§ ASSIGNMENT
Leaving all pictures aside, write out the records below precisely as given.

§ RECORDS TO USE

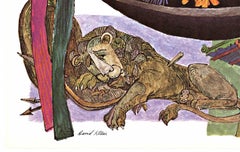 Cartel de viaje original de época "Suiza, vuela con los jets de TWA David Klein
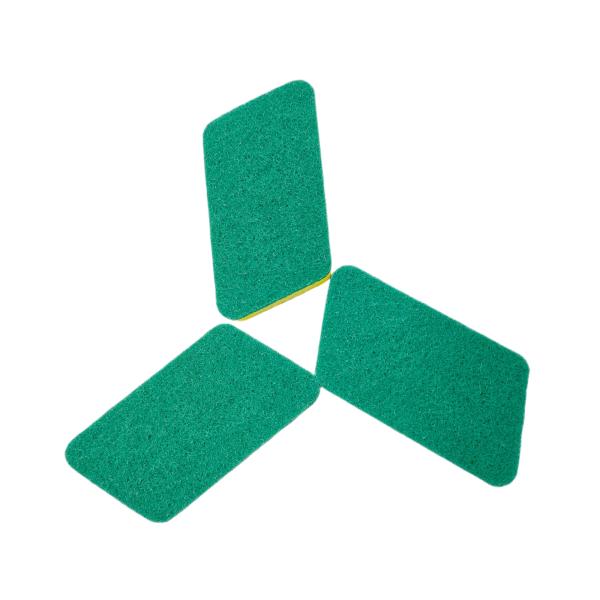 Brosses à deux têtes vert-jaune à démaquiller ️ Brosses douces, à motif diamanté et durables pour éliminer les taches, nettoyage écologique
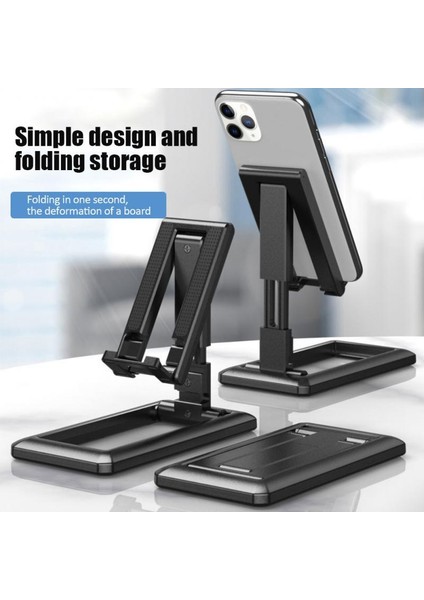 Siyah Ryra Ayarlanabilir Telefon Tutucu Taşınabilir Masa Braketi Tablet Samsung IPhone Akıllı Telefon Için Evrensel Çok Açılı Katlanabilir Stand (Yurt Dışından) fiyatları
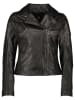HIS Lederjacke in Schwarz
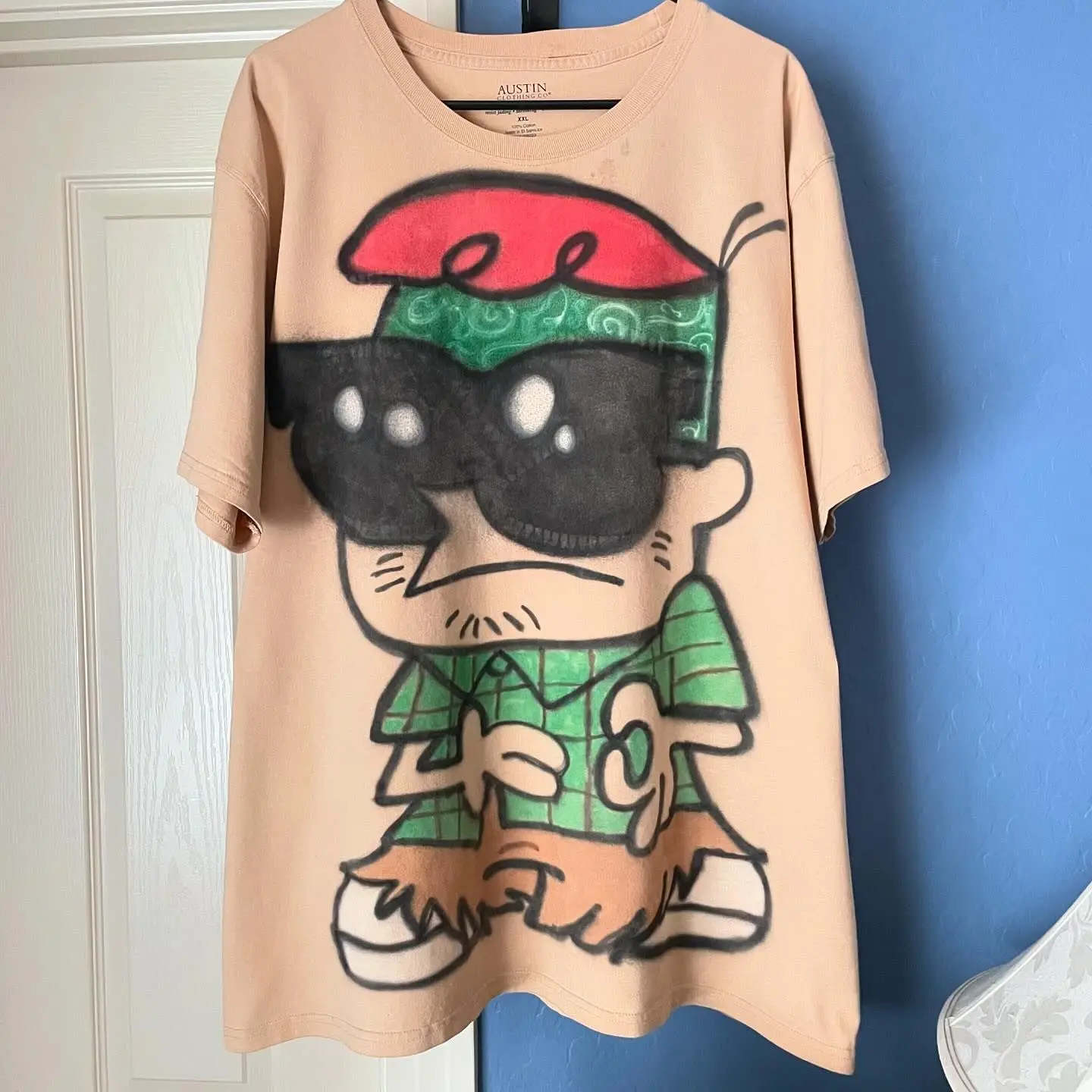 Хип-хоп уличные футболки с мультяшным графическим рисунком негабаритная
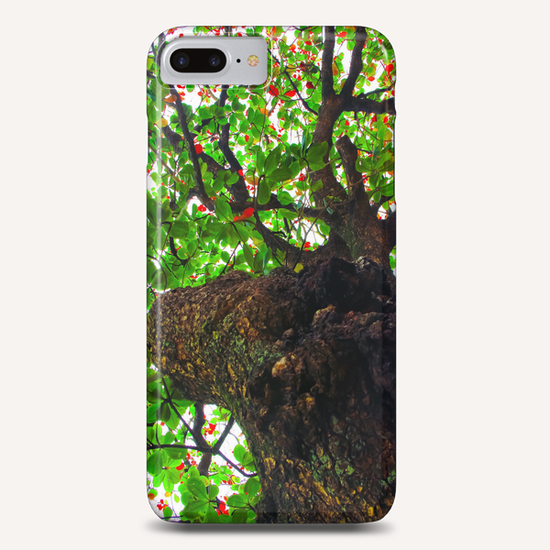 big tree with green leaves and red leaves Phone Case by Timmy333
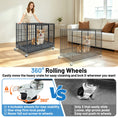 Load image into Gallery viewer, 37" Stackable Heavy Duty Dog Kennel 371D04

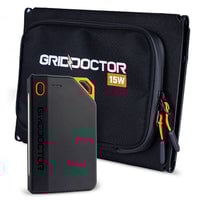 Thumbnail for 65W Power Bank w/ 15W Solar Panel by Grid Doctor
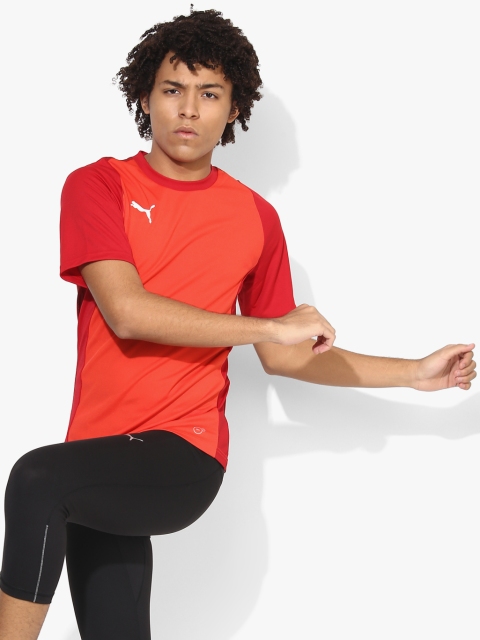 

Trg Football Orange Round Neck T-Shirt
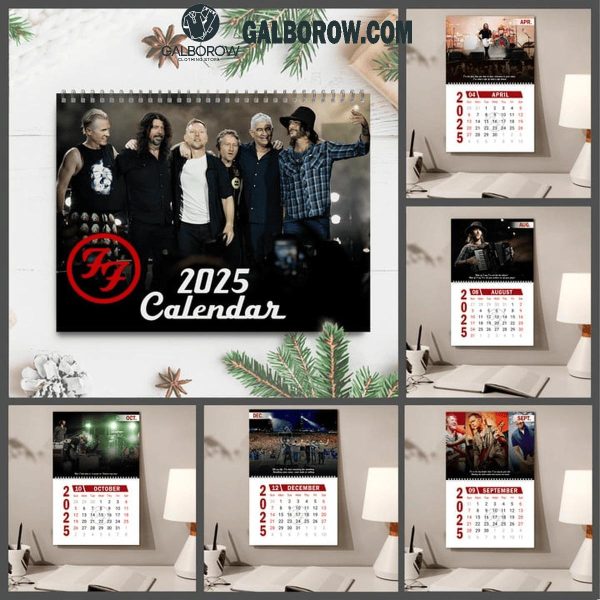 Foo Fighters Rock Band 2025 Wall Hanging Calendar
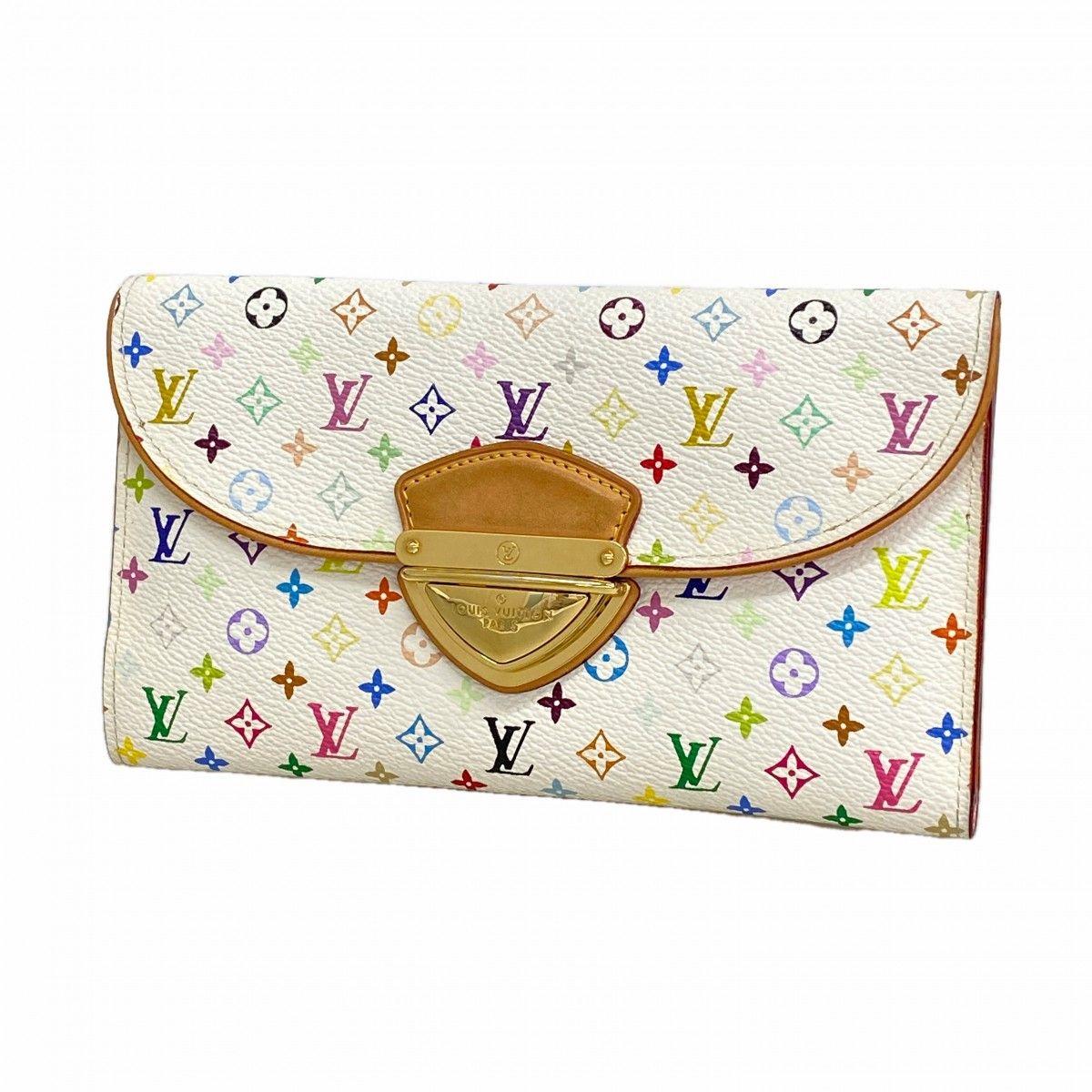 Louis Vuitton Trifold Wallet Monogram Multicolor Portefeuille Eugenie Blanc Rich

§ TASK OUTPUT
 Cartel de viaje original de época "Suiza, vuela con los jets de TWA David Klein
 Brosses à deux têtes vert-jaune à démaquiller ️ Brosses douces, à motif diamanté et durables pour éliminer les taches, nettoyage écologique
 Siyah Ryra Ayarlanabilir Telefon Tutucu Taşınabilir Masa Braketi Tablet Samsung IPhone Akıllı Telefon Için Evrensel Çok Açılı Katlanabilir Stand (Yurt Dışından) fiyatları
HIS Lederjacke in Schwarz
 Хип-хоп уличные футболки с мультяшным графическим рисунком негабаритная
 big tree with green leaves and red leaves Phone Case by Timmy333
 Load image into Gallery viewer, 37" Stackable Heavy Duty Dog Kennel 371D04

 Thumbnail for 65W Power Bank w/ 15W Solar Panel by Grid Doctor

Trg Football Orange Round Neck T-Shirt
 Foo Fighters Rock Band 2025 Wall Hanging Calendar
 Louis Vuitton Trifold Wallet Monogram Multicolor Portefeuille Eugenie Blanc Rich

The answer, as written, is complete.